A better coffee is made when you get the desired consistency of taste and aroma after brewing. This is ensured when your whole beans have a uniform surface area before brewing. To ensure that, using an expensive grinder is your best shot.
But if you don’t have one, then you can always choose among those six options we mentioned above.
Well, there are other factors affecting coffee taste after the brewing process:
- Brewing methods used
- Storage of the whole beans
- Quality of roasted beans
Brewing Methods Available
When you say brewing coffee, the process generally means using a boiling temperature of water for the extraction process of the volatile compounds inside the ground coffee beans.
The below are the different brewing methods you can find in the industry:
- Drip coffee
- French press
- Cold brew
- Siphon or Vacuum
- Using espresso machines for brewing coffee
In general, an average brewing process takes one hour. The type of brewing method also affects the duration of making a great coffee.
The type of coffee maker you use for making coffee matters. Each coffee maker produces different water temperatures for its brewing methods. This can affect the overall taste of your coffee.
Can you make coffee with whole beans without a grinder?
Did you also wonder if you can brew coffee with whole beans? The answer is yes. Even when you don’t have a grinder or those alternative methods for grinding whole beans, you can still get a delicious coffee from whole beans.
Coffee grinders are not an end to your delicious cup of grind beans. You still get to enjoy a great cup of your whole beans.
Why do you ground whole beans before brewing?
The main reason why grind coffee beans are to increase their surface area so that the extraction process is efficient.
But there are also setbacks to grinding beans since there will be contamination to the beans. Moisture is the main contaminant for this scenario. It dilutes the oil from the ground coffee, thus, reducing the taste.
When you grind whole beans, it releases the carbon dioxide inside. This gas helps transfer the oil from the beans to the boiling water during the brewing process. If there’s less carbon dioxide, then expect a less tasteful coffee.
If you want to grind your whole bean coffee, make sure to store them right away in an airtight sealed container. This lessens oxidation and moisture contamination on your grounded coffee beans.

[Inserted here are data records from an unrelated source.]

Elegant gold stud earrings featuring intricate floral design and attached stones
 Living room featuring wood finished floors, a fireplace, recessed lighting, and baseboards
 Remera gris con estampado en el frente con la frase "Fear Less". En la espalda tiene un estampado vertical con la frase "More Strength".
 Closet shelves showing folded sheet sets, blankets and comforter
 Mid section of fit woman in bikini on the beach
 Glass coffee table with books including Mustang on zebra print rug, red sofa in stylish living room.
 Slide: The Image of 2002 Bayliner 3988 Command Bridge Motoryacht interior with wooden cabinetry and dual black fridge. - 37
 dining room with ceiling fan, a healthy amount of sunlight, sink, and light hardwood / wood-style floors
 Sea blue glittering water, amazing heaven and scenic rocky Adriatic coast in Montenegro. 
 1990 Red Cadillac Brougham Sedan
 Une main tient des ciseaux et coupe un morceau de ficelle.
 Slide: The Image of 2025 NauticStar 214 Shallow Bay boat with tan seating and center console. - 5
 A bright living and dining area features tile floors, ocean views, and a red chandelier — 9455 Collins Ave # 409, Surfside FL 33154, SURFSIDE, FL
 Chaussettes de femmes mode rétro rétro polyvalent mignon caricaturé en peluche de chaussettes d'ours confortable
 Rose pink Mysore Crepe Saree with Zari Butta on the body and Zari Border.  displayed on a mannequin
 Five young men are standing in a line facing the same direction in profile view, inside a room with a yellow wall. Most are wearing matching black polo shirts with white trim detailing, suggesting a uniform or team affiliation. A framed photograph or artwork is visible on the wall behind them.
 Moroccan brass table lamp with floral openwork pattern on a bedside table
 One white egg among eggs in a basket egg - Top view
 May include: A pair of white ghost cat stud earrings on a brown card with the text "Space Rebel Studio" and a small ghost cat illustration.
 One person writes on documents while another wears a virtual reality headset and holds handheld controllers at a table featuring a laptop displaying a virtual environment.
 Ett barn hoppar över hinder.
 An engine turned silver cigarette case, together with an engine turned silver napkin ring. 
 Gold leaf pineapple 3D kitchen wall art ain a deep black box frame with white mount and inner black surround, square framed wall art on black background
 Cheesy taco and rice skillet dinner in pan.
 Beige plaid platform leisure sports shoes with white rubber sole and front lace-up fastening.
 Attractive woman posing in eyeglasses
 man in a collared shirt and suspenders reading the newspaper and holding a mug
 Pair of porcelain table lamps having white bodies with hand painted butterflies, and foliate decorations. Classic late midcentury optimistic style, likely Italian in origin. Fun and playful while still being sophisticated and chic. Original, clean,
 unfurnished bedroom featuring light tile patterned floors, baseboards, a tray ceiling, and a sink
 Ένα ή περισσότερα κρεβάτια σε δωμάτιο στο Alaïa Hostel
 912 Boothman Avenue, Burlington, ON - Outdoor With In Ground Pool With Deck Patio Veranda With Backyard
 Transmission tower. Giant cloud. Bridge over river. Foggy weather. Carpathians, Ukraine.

How to brew whole bean coffee?
Brewing whole bean coffee is easy! Here are the things you’ll need to prepare:
- Boiling Water
- Spoon and mug
- Strainer and mason jar
After preparing these things, follow these simple steps.
- Put 3/4 boiling water into your coffee beans filled inside a mason jar.
- Prepare your saucepan and place water inside. Let it boil and then place your coffee jar into the saucepan.
- Let the coffee jar simmer for an hour until you see that you’ve extracted coffee inside the jar.
- Occasionally stir the mason jar to hasten the extraction of coffee oils.
- After, prepare your mug and strainer on the table. Pour your mason jar filled with coffee beans and hot water into the strainer.
- Viola! You have your brewed coffee from whole beans without a grinder.
Take note, that you can still reuse your whole beans for another brewing process. What you’ll get from this method is freshly brewed aromatic coffee.
Which is better, whole bean or ground coffee beans?
The main difference is taste. You get a more tasteful experience with a whole bean coffee than with a ground one. That’s because the oil of the coffee beans is preserved since there’s less exposure to moisture, and less carbon dioxide released.
The volatile compounds inside the beans are preserved since it’s not grounded into smaller granules. Using whole beans during the brewing process, you extract more oil from a cup of coffee.
Now, you know how to make your own freshly grounded coffee beans at home. You have plenty of options at hand. Just choose one that best works for you. Still, it depends on you if you want a grind or a whole bean for your brewed coffee.
If you have any questions regarding how to make a whole bean coffee, feel free to browse our blogs. We’ll do our best to answer your queries within all of them.
Don’t forget to enjoy your cup of coffee!